The sun has a cycle.  At solar minimum, there is relatively little activity on our star’s surface; that is, considering there’s an ongoing thermonuclear reaction at its core. But at solar maximum, sunspots, flares, prominences, and coronal mass ejections multiply. With the sun’s rays scalding Earth’s summertime regions to temperatures exceeding 100 degrees Fahrenheit at the same time the sun is so near its maximum activity, we might be tempted to blame our thermal misery on the sun itself. But we would be wrong.

When Israel suffers under scorching drought for more than 3 years, Ahab blames Elijah. The prophet tells the king there will be no more rain until God speaks it through his mouth, and then hides. When Ahab finally finds Elijah—that is, when Elijah finally returns to speak to the king and the nation—Ahab identifies him as “the one who troubles Israel.” But he is wrong, as Elijah points out: “I have not troubled Israel, but you have, and your father’s house, because you have abandoned the commandments of Yahweh and followed the Baals.”
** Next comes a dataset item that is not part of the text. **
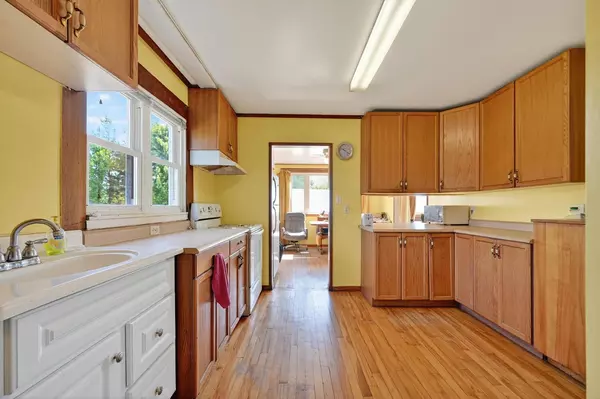 South Stormont, ON K0C 1R0,15890 Dixon RD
The 11-year solar cycle is not the reason temperatures alternately placate or torment this world’s inhabitants. Earth itself is to blame, with its tilted annual journey around the sun, and a thousand practically unpredictable variables in the atmosphere. Even with its cyclical variations, the sun is effectively steady, whether baking us in summer or thawing us in winter.

James reminds early believers that the Elijah who prays drought over Israel, who troubles Israel, prays again for the rains which break the drought, blessing Israel. What is incidentally true of Elijah is eternally true of Yahweh, the source of Elijah’s word, containing at one and the same moment Israel’s trouble and hope.

The difference between the message exposing weakness and encouraging strength is not its source or its messenger, but its hearer. Yahweh is as eternally constant as we are not. So is his message. (Additional note of comparison: in the attached photo which I took Saturday, the sunspot just left of top center has about the same diameter as Earth.)

Whether it confronts or comforts us this week, may we hear, study, practice, and teach the whole counsel of the eternal God.